(Collected data entries)
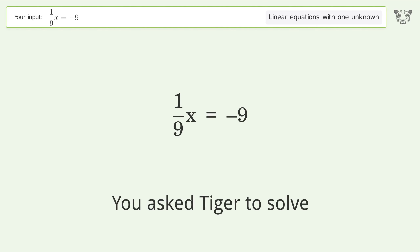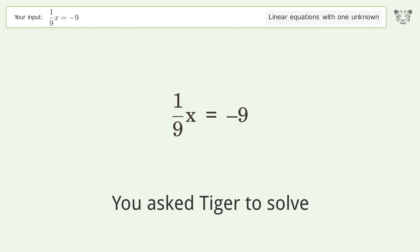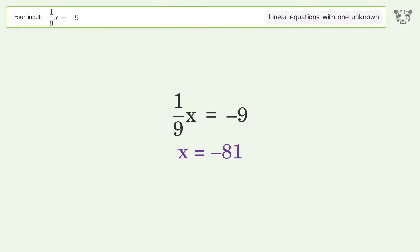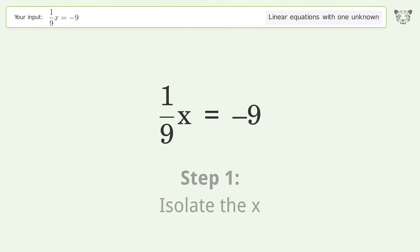You asked Tiger to solve this — it deals with linear equations with one unknown. The final result is x equals negative 81. Let's solve it step by step. To isolate x, multiply both sides by the inverse fraction 9 over 1.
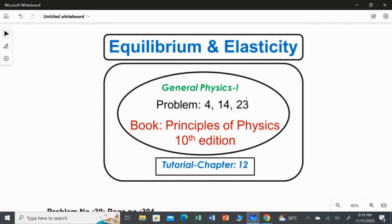In this video, I am going to solve the third question, which is question number 23rd, from Chapter 12, Equilibrium and Elasticity.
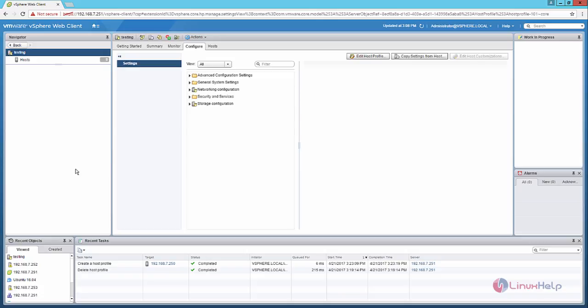Using this host profile, you can configure your newly created host without any manual configuration.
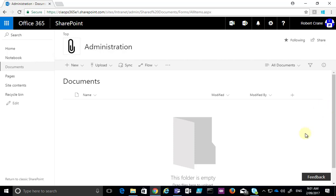Now, what I do first is navigate to that document library. You'll see here that I have no documents in there at the moment.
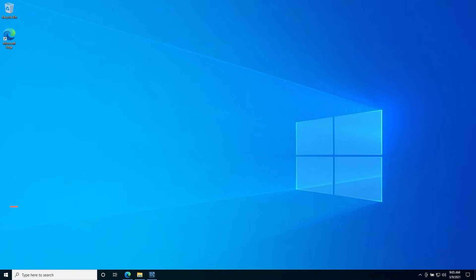Hi, I'm John, Support Engineer with StrongDM. Today, we're going to go over the Windows installation of StrongDM.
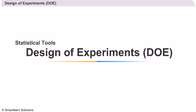Statistical Tools: Design of Experiments. Let us start by looking at how to use Design of Experiments in Minitab.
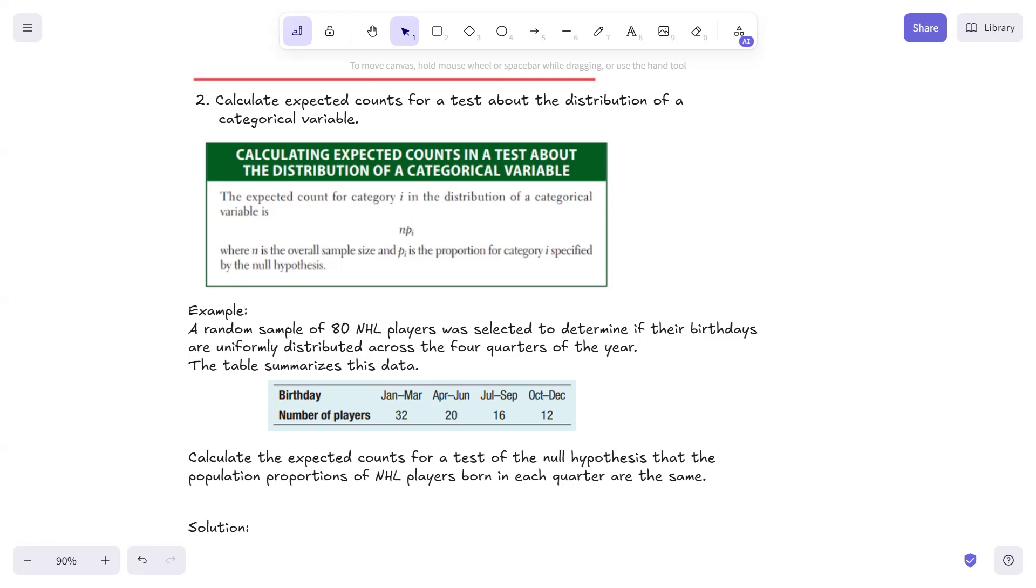So this is how we calculate the expected count, because when we are working with chi-squared test for goodness of fit, we need to be able to calculate the observed and the expected counts.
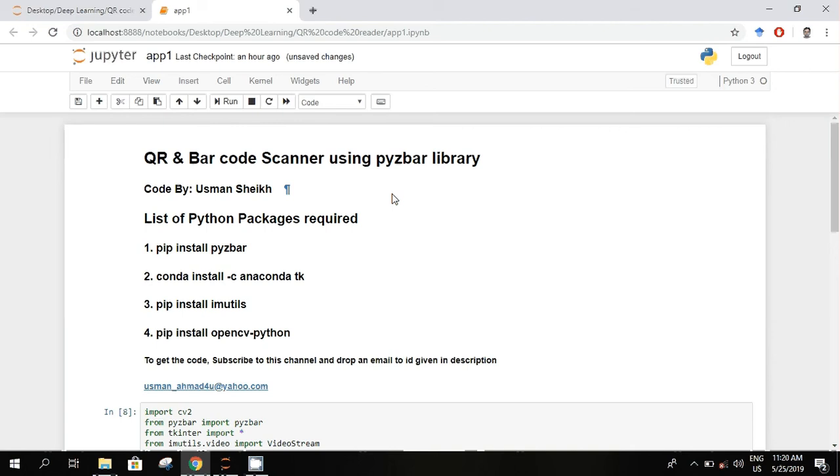Hello everyone, welcome back. This demo is about QR and barcode scanner using PyZ library. We will be scanning the barcodes and QR codes in real-time with the help of webcam.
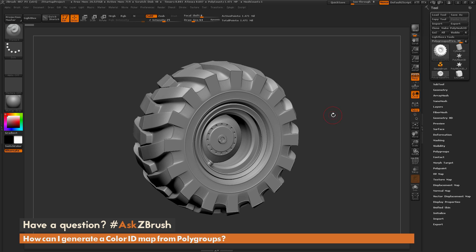This is Joseph Drust, and welcome back to another episode of Ask ZBrush.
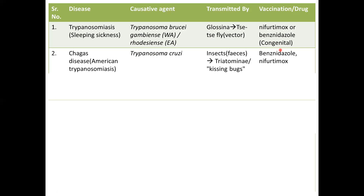The second disease is Chagas disease, which is also trypanosomiasis — however, this is the American version of it. It is caused by a different protozoan of the same genus: Trypanosoma cruzi. Transmission is through insect species commonly known as kissing bugs. The treatment is benznidazole and nifurtimox, similar to the previous case.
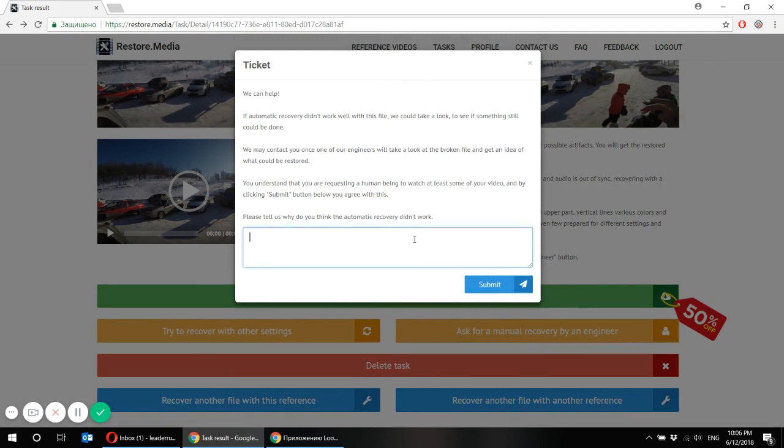And if the automatic recovery didn't work well for you, ask for a manual recovery and our engineers will take a look and will recover manually everything that can be recovered. Just indicate your problem here.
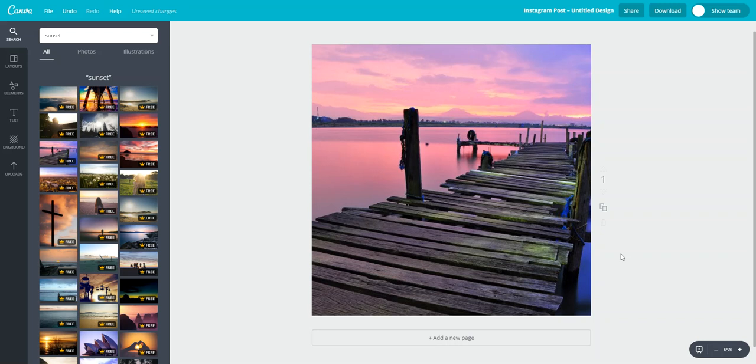Now I know you love Canva as much as I do so hopefully this tip will make your design process even easier.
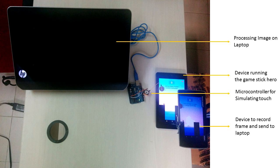Using an app called IP Webcam which is available for Android, we transfer these images to our laptop. In our laptop using MATLAB these images are processed. This gives us the distance between two platforms in the game.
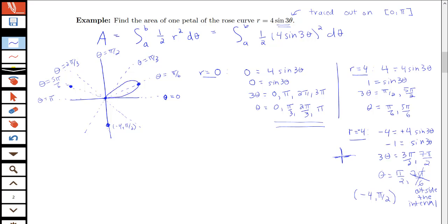So the curve traces: first the upper-right petal from θ = 0 to π/3; then the bottom petal (driven by the negative radius) from θ = π/3 to 2π/3, going out to that r = −4 point at θ = π/2 and back; then the upper-left petal from θ = 2π/3 to π, hitting r = 4 at θ = 5π/6 before returning to the origin at θ = π.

# Task statement
Word for word, write out the lines above running from the one with "Using this host" up to and including the one with "The second disease". Drop any picture.

# Result below
Using this host profile, you can configure your newly created host without any manual configuration.
Now, what I do first is navigate to that document library. You'll see here that I have no documents in there at the moment.
Hi, I'm John, Support Engineer with StrongDM. Today, we're going to go over the Windows installation of StrongDM.
Statistical Tools: Design of Experiments. Let us start by looking at how to use Design of Experiments in Minitab.
So this is how we calculate the expected count, because when we are working with chi-squared test for goodness of fit, we need to be able to calculate the observed and the expected counts.
Hello everyone, welcome back. This demo is about QR and barcode scanner using PyZ library. We will be scanning the barcodes and QR codes in real-time with the help of webcam.
This is Joseph Drust, and welcome back to another episode of Ask ZBrush.
The second disease is Chagas disease, which is also trypanosomiasis — however, this is the American version of it. It is caused by a different protozoan of the same genus: Trypanosoma cruzi. Transmission is through insect species commonly known as kissing bugs. The treatment is benznidazole and nifurtimox, similar to the previous case.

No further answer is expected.